How to complete this task: When you copy the data that follows, reproduce every word exactly and leave out the images.

(Raw data Opens)

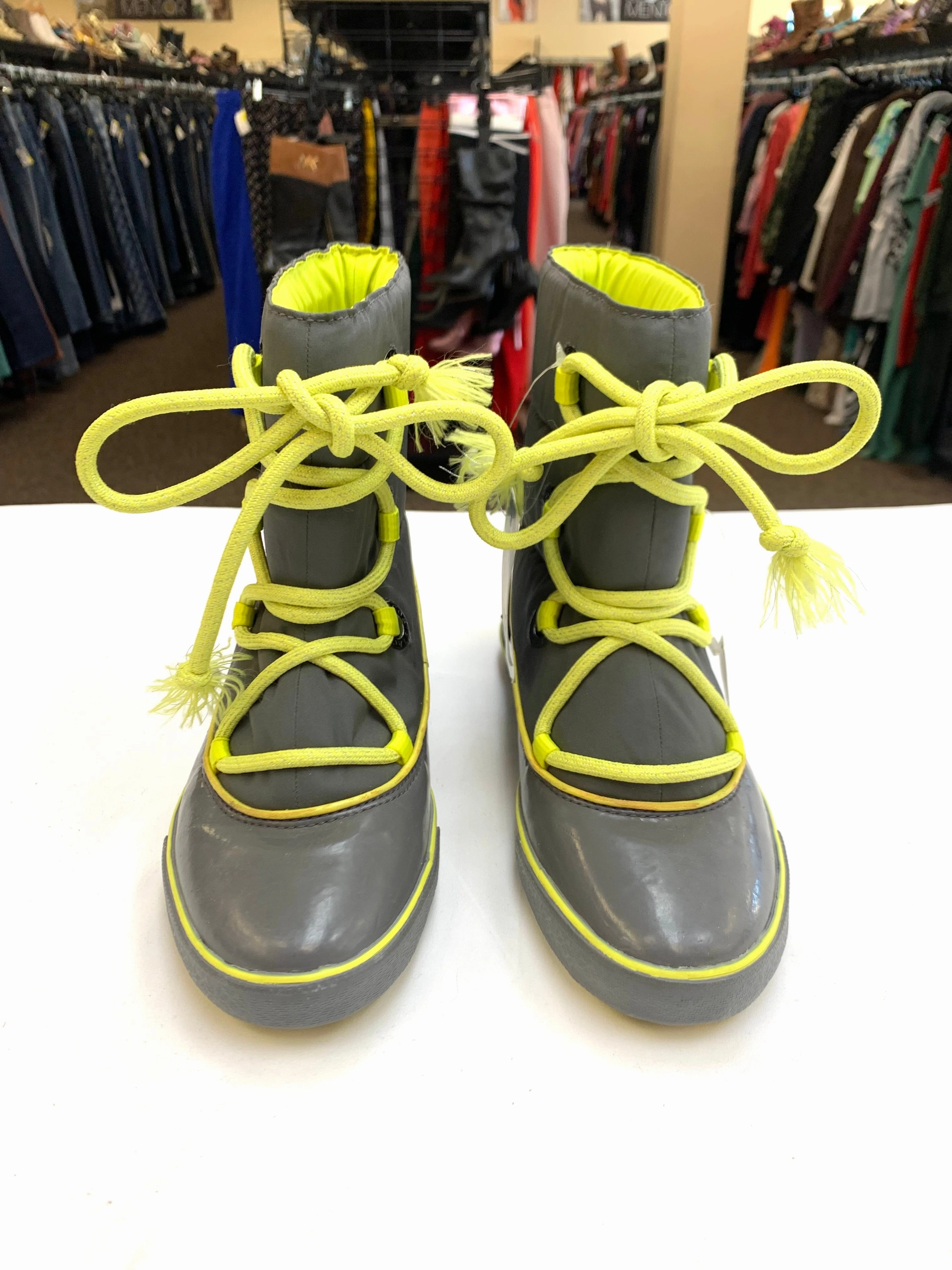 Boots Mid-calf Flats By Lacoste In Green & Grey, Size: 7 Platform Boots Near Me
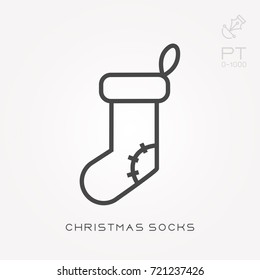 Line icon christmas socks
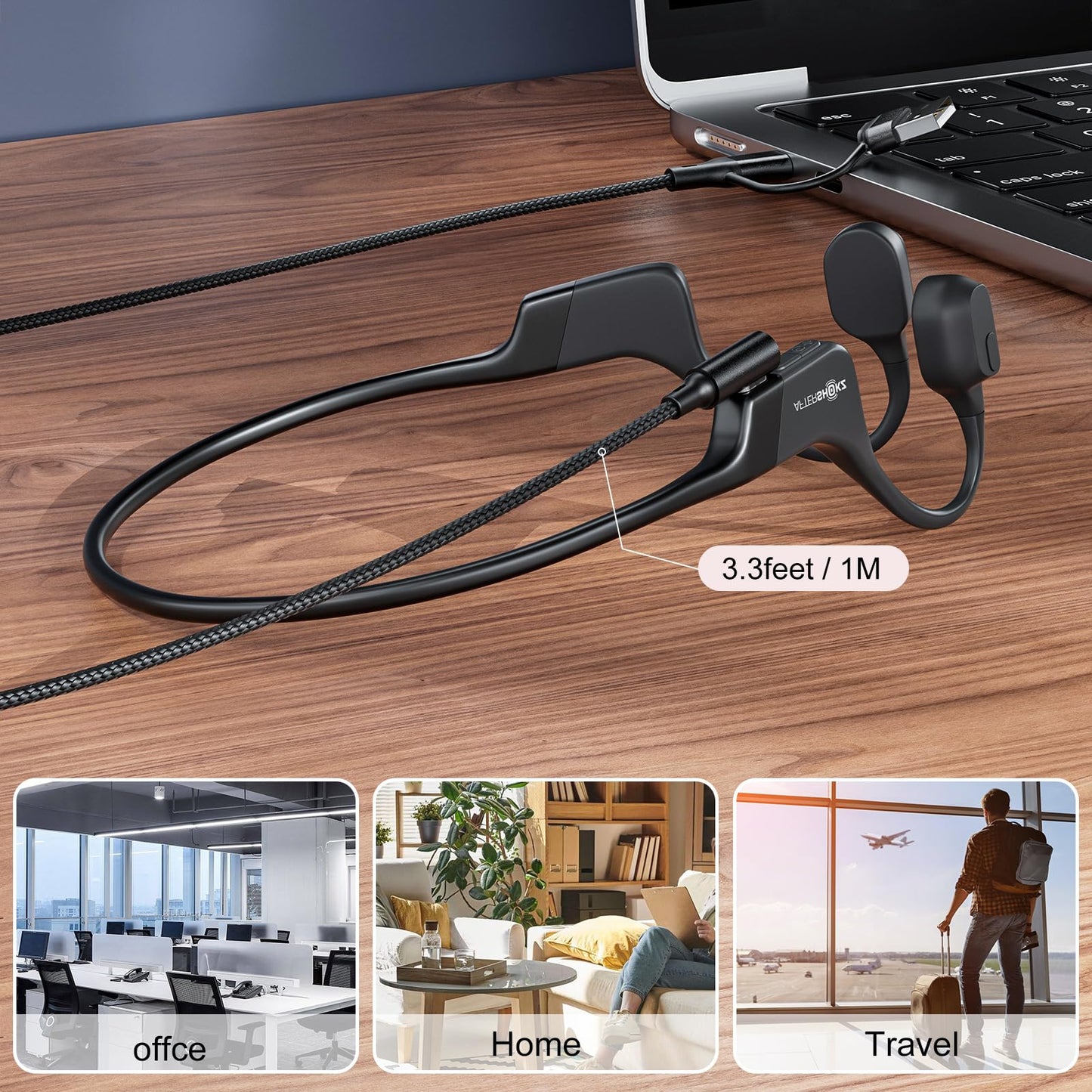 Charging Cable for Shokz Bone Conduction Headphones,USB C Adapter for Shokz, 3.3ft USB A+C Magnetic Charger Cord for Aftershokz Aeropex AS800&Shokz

(Raw data Closes)

Task result:
 Boots Mid-calf Flats By Lacoste In Green & Grey, Size: 7 Platform Boots Near Me
 Line icon christmas socks
 Charging Cable for Shokz Bone Conduction Headphones,USB C Adapter for Shokz, 3.3ft USB A+C Magnetic Charger Cord for Aftershokz Aeropex AS800&Shokz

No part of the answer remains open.